In Oliver Cromwell's famous words, we plead that your officials consider, in the bowels of Christ, that they may be mistaken. No doubt in good faith, Britain led the world into legislating on the narrative of catastrophic climate emergency during its apogee years of 2005-09 and on the flawed principles of top-down timetables, targets and trading that crashed at Copenhagen last December. If you haven't, you should listen to Der Spiegel's secret tape of the heads of state failing. (It was Nicolas Sarkozy calling the Chinese hypocrites that really did it.) So would it not be a splendid early tonic for the Con-Lib coalition if Britain could find the courage to admit error, correct that error and become one of those countries that lead the way out of the wreckage, rather than go on head-banging?
That is why, having described the Crash of 2009 in bare detail, The Hartwell Paper does not dwell on the errors of the past about which I and many of my colleagues warned before and while they were being committed. Humbly but firmly, we stand on our track record of successful analysis and hope that you find that reassuring as we invite you now to accept other startling propositions which run counter to the conventional wisdom. Our main business is with the opportunities of the future.

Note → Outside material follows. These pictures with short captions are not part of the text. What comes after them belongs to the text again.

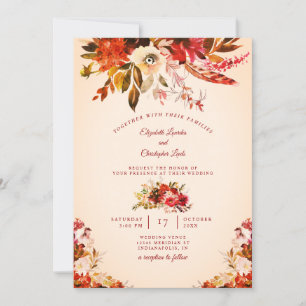 Invitación Boda de marfil de esplendor otoñal morboso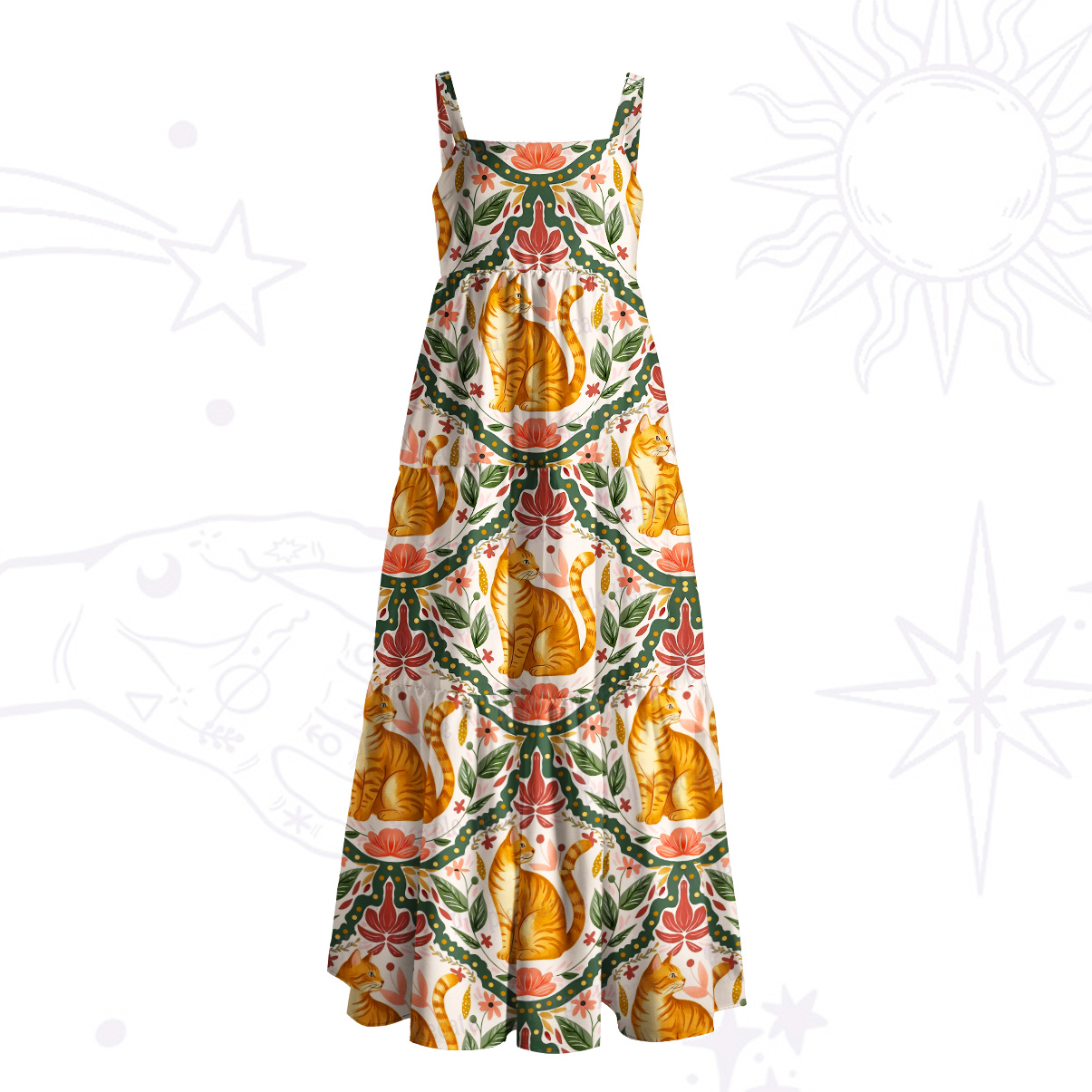 Purplehecate Floral Orange Cat Wide Straps Maxi Dress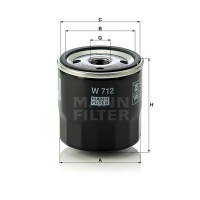 Фильтр масляный MANN-FILTER W 712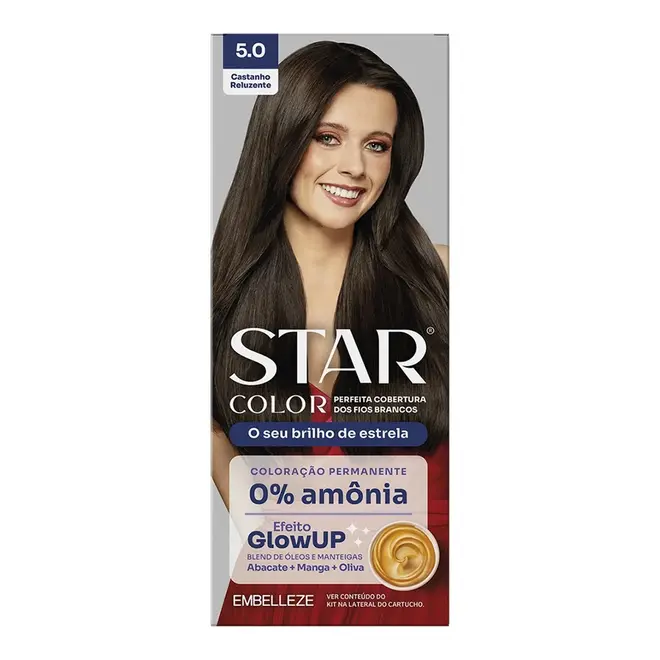 Coloração Permanente Embelleze Star Color sem Amônia Kit 3.0 Castanho Absoluto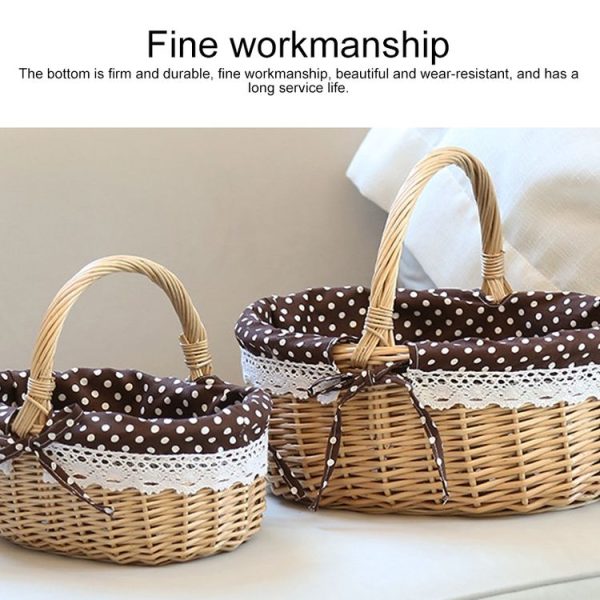 Hand-woven Picnic Basket Sackcloth Rattan Storage Basket, Specification: Small (Primary Color Red Check Cloth) - Image 5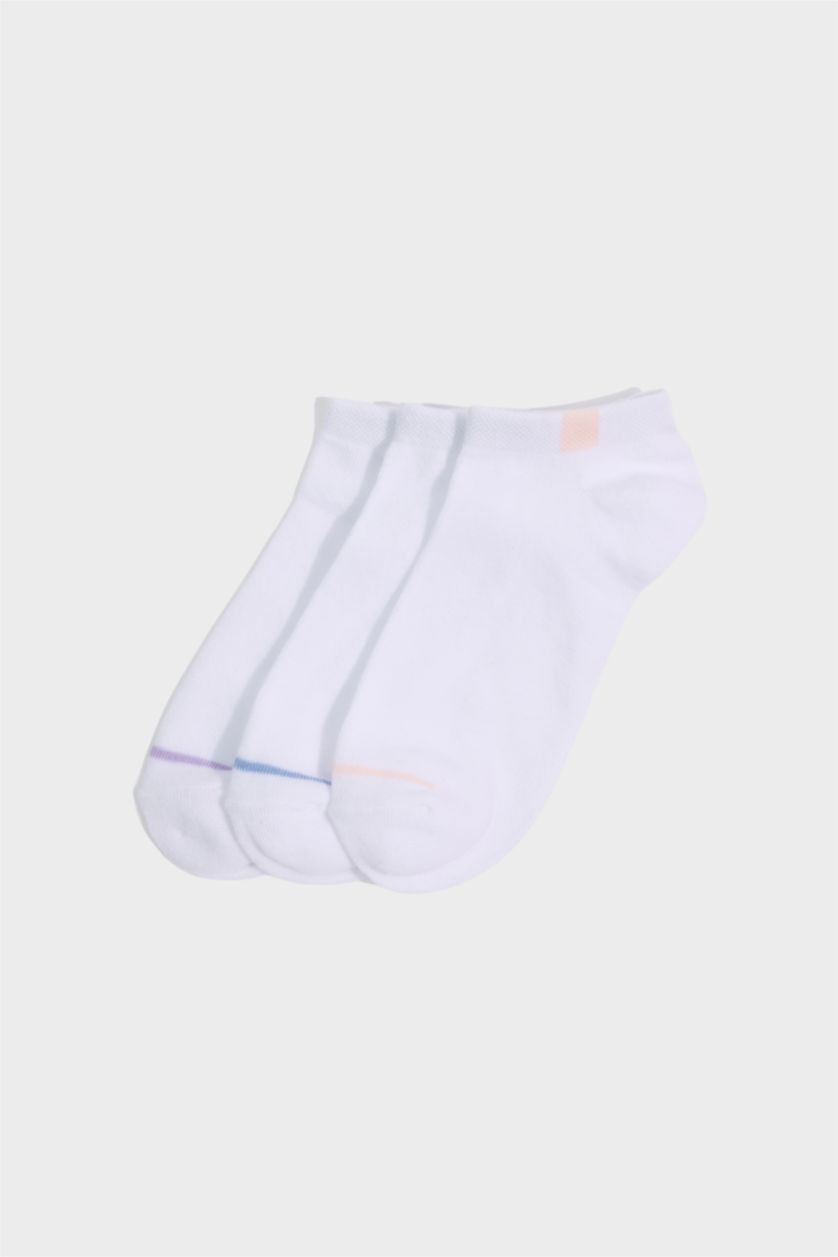 WOMAN White 3 piece Cotton Short Socks
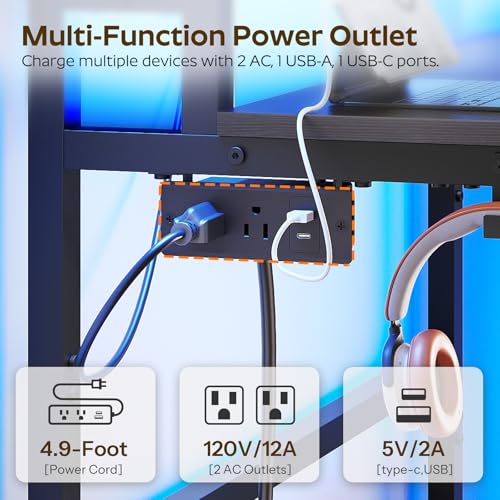 2-Tier Gaming Desk with Monitor Stand, Charging Station & LED Lights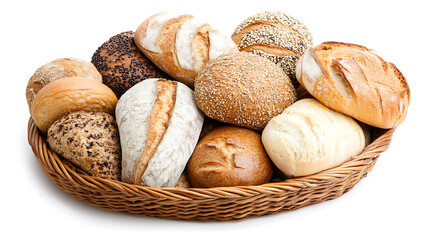Variety of fresh bread loaves and rolls arranged in a basket, isolated on a white background. Ideal for bakery and food themes.

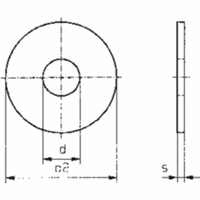 6,4 D9021-A2K Unterlegscheiben Innen-Durchmesser: 6.4mm M6 DIN 9021 Stahl verzinkt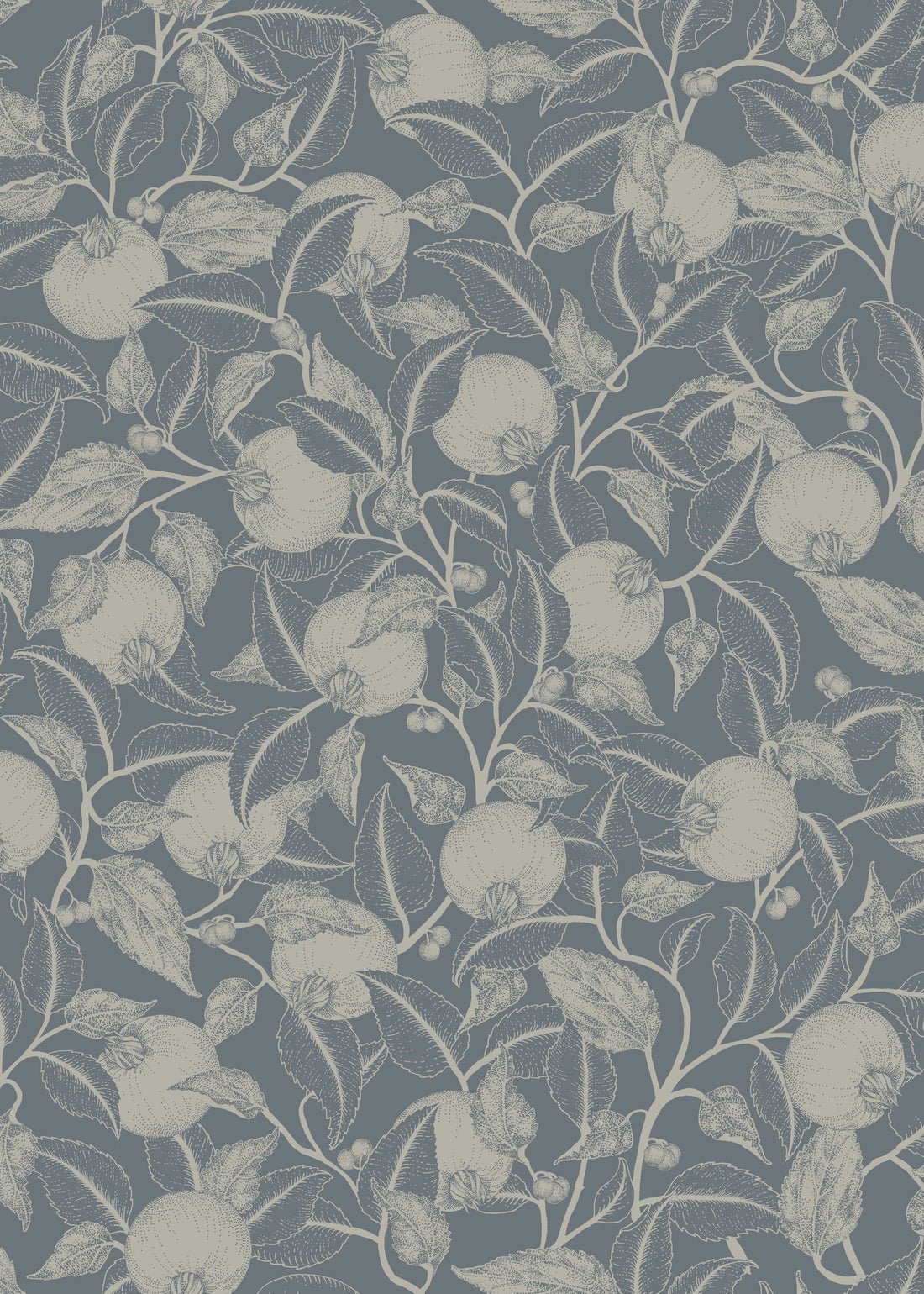 Pomegranate Wallpaper - Dark Teal - Summer Gray - Premier Wallcovering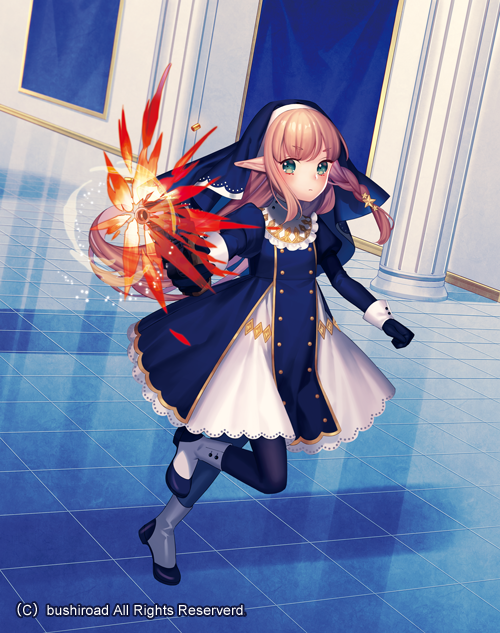1girl, battle_sister_kipferl, braid, bullet, cardfight!!_vanguard, choco_holic, company_name, dress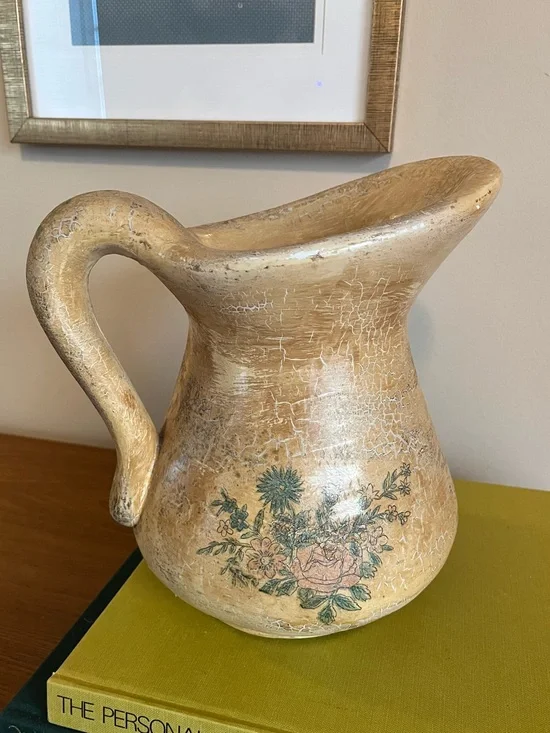 Vintage Thick Ceramic Decor Pitcher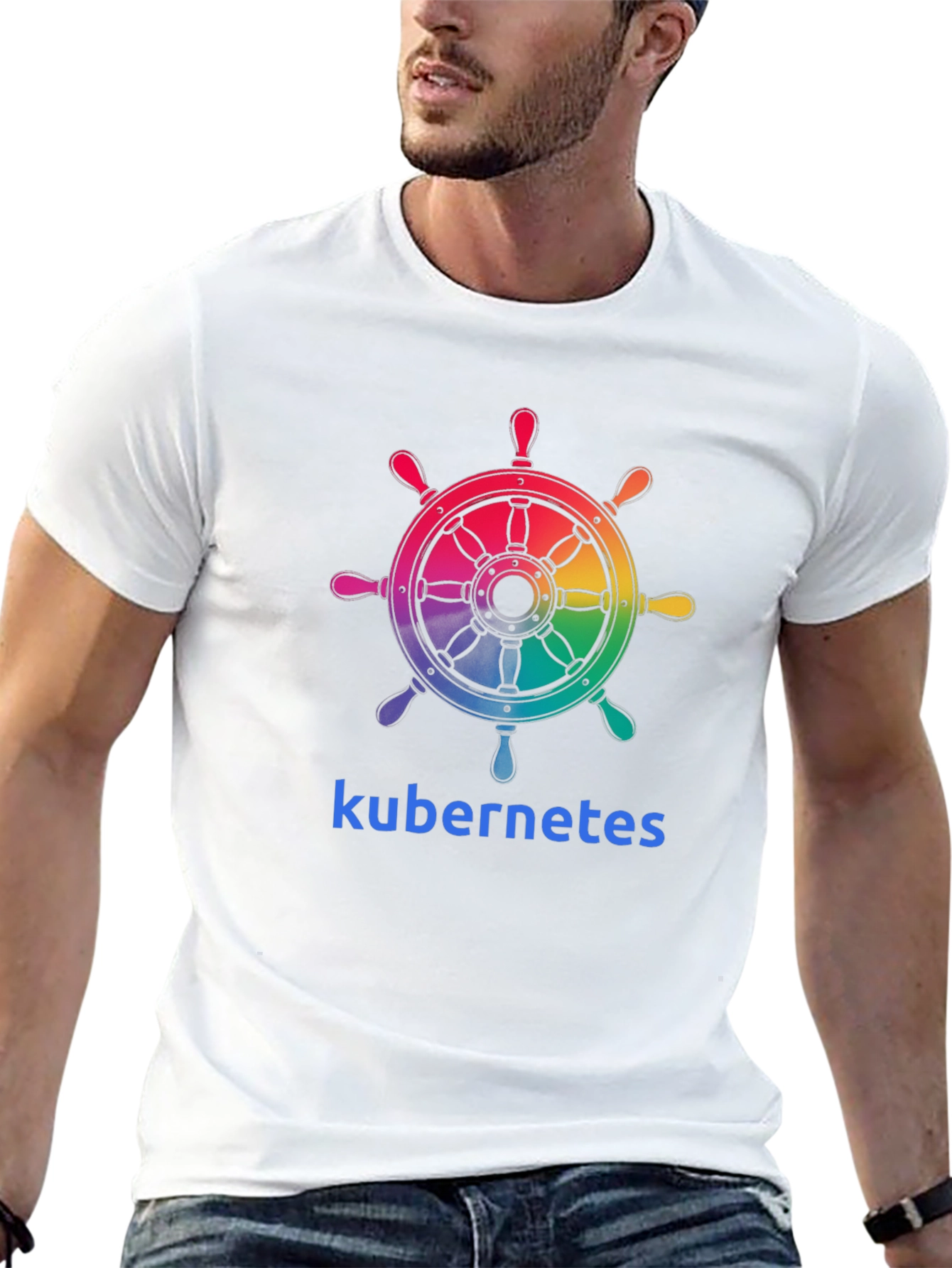 Kubernetes Rainbow Ship Wheel T-Shirt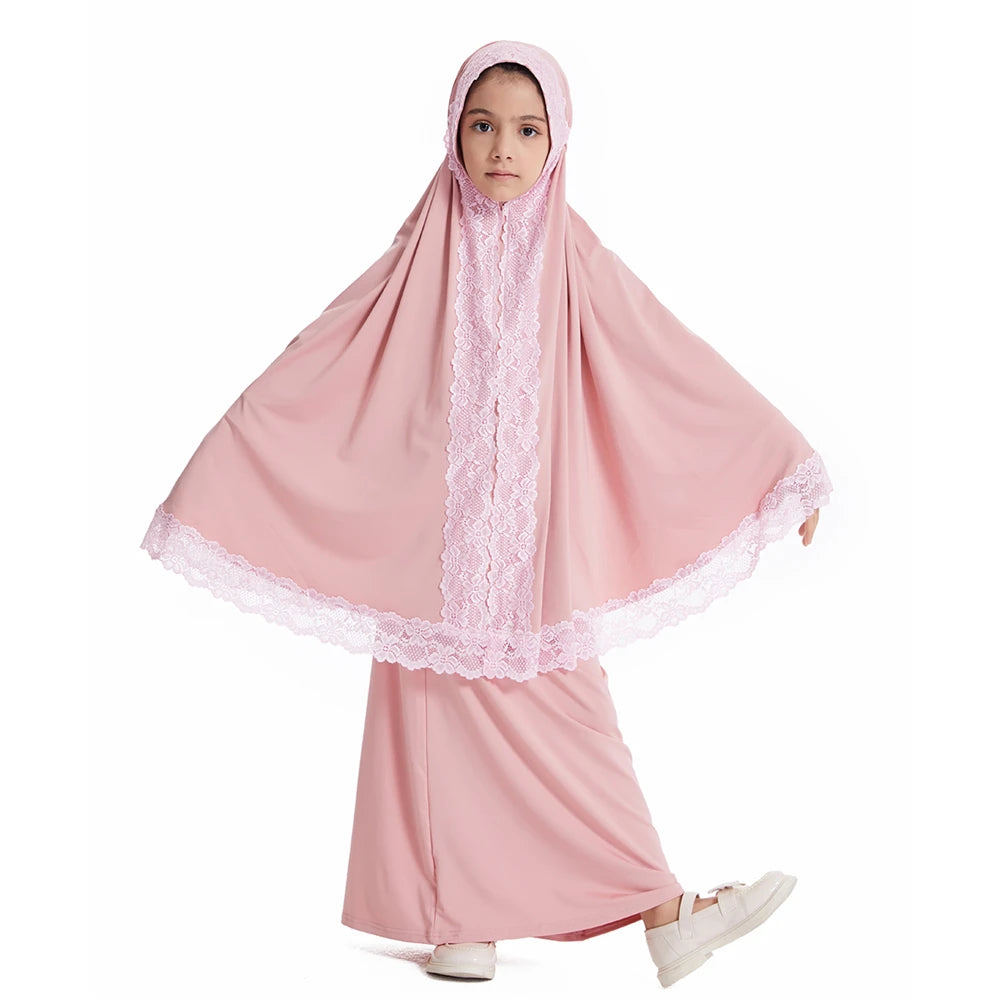 2PCS Full Cover Girls Kids Hijab Dress Lace Khimar Skirt Muslim Children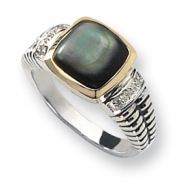Picture of Sterling Silver w/14k Diamond & Black Mother of Pearl Ring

Our case is that it is now plain on the face of the facts that it is not possible to have a "climate policy" that has emissions reductions as the all-encompassing goal. However, there are many other reasons why the decarbonisation of the global economy is highly desirable. Therefore, the paper advocates a radical reframing — an inverting — of approach: accepting that decarbonisation will only be achieved successfully as a benefit contingent upon other goals which are politically attractive and relentlessly pragmatic. The paper explains how the global economy can be moved away from its dependence on fossil fuels in harmony with economic recovery and with public approval, whereas the conventional wisdom bangs its head against both. The paper sets out access, sustainability and resilience goals. It also makes the case for vigorous and early action on non-CO2 climate-forcing agents such as black carbon and tropospheric ozone. Why direct policy to the hardest 45 per cent of human forcing agents when we could start with the easier 55 per cent? It then argues for rebuilding of public trust via successful improvements in energy efficiency and new energy technology innovation in decarbonised energy supply funded by a low hypothecated (dedicated) carbon tax. We know that Treasuries hate hypothecation because it affronts their powers. That's why we like it. In its February Budget, the Indian government blazed a trail which you too could follow. By the way, for the avoidance of misunderstanding, we have found it necessary to emphasise that ours is a tax explicitly not intended to alter behaviour: just to raise money without consumers feeling it.
Unless fractured public trust is rebuilt after "Climategate" and Copenhagen, nothing can be done. Current policies fail because they are back to front, politically and technologically. They also misinterpret the core message that scientific research on climate issues gives to policymakers, which is part of the message of "Climategate" and to which I'll return below.